Madrid, Spain, Mar 8, 2005 / 22:00 pm
The Archdiocese of Madrid’s publication “Alpha and Omega” publised an article in its latest edition on the testimony of the actor who played Barrabas in Mel Gibson’s “The Passion of the Christ,” who says he experienced a profound conversion while making the movie.
Pedro Sarubbi, in an interview with the Italian daily Avvenire, said he had wanted to play St. Peter but Gibson “had already chosen the actors based on their resemblance to the different characters as portrayed in the paintings of Caravaggio and other masters.” “As Barrabas, Gibson told me to avoid looking at Jim Caviezel, who played Jesus, until the very scene in which we were to appear together. ‘Barrabas is like a ferocious dog,’ he told me, ‘but at one moment he becomes a puppy: when he meets the Son of God and is saved. I want your look to be that of somebody seeing Jesus for the first time’. I did as he said, and when our eyes met I felt a sort of surge. It was like I was really seeing Jesus. I had never experienced such a thing in all my years of acting,” he stated.
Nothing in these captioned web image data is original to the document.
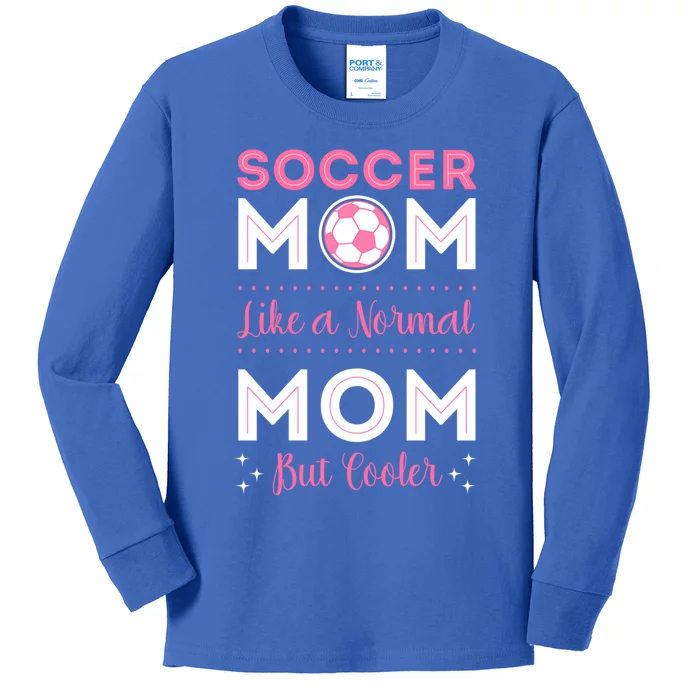 Soccer Player Mom Goalie Team Goalkeeper Game Mother's Day Gift Kids Long Sleeve Shirt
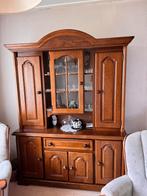 Antieke eikenhouten buffetkast met vitrine, Ophalen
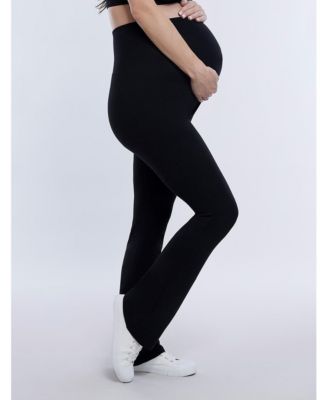 Maternity Secret Fit Over the Belly Full Length Flare Leggings - Motherhood
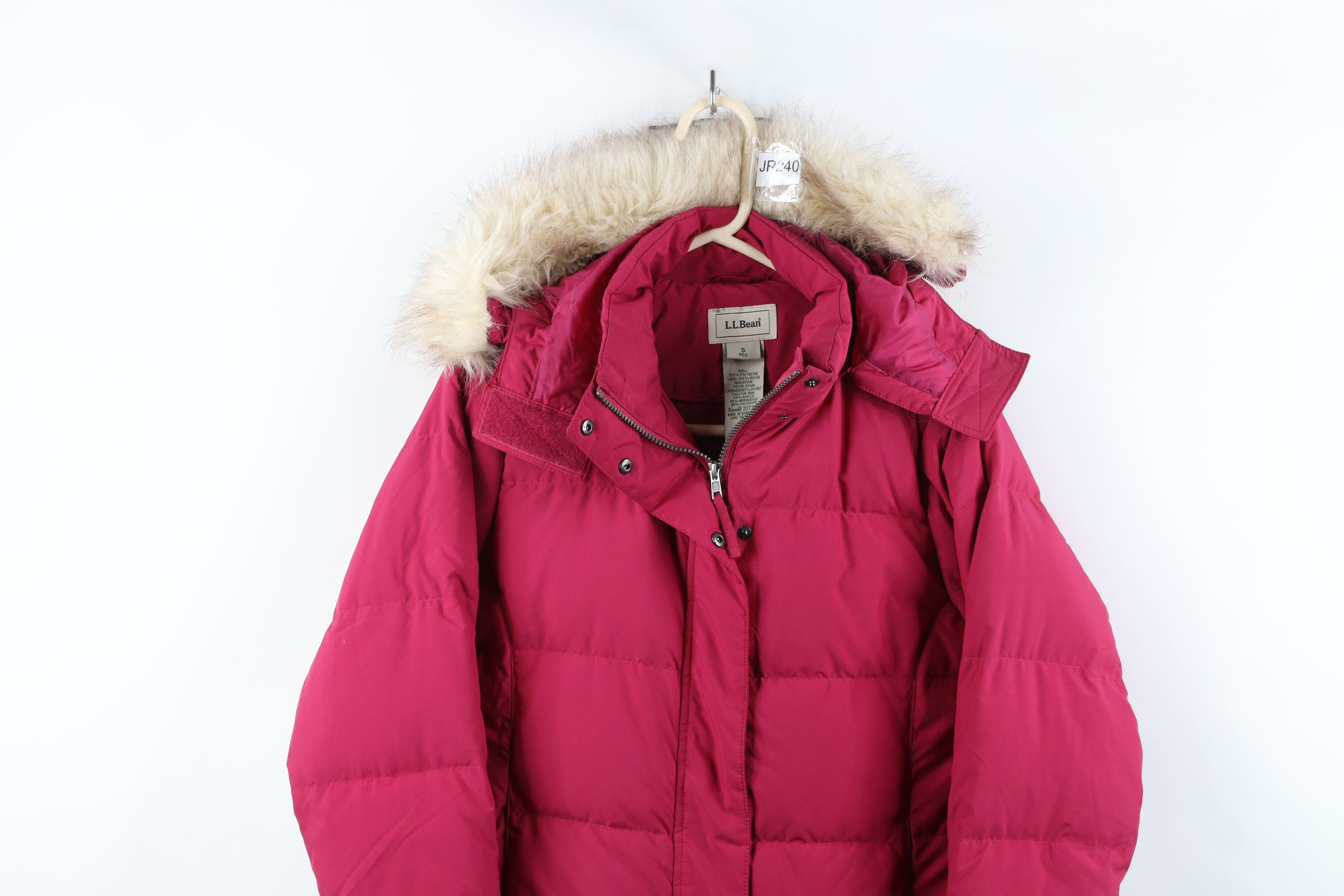 L.L. Bean × Vintage Vintage LL Bean Insulated Hooded Puffer Parka Jacket Pink Size S / US 4 / IT 40 - 2 Thumbnail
Sarubbi said “The Passion” “was not only a professional, but above all a human experience. I am not embarrassed to say that during the filming I had a conversion. All of the actors who took part changed a little bit after this experience, but I have learned much more from the film than from any conference.”
The actor said his spiritual search “began many years ago and took me around the world. I have done extensive anthropological research, as a man and as an actor. I have been instructed in the martial arts...I lived in a Tibetan monastery for six months with a vow of silence. I have practiced meditation in India, I have lived in the Amazon. I have reached the final goal of this search in Jesus.”
Now, he went on, “I do everything possible so that those eyes continue to be important for me. My family is first above all, and I also play a clown for orphaned children. On the other hand I have my work. I teach businessman how to act in public. I teach in various acting schools. I use what I call the warrior-priest-clown method. In life you have to be strong, honest, spiritual and funny.”
Although Sarubbi has traveled around the world, he is most at home on his farm on the outskirts of Milan, with his wife and four children, and dozens of animals.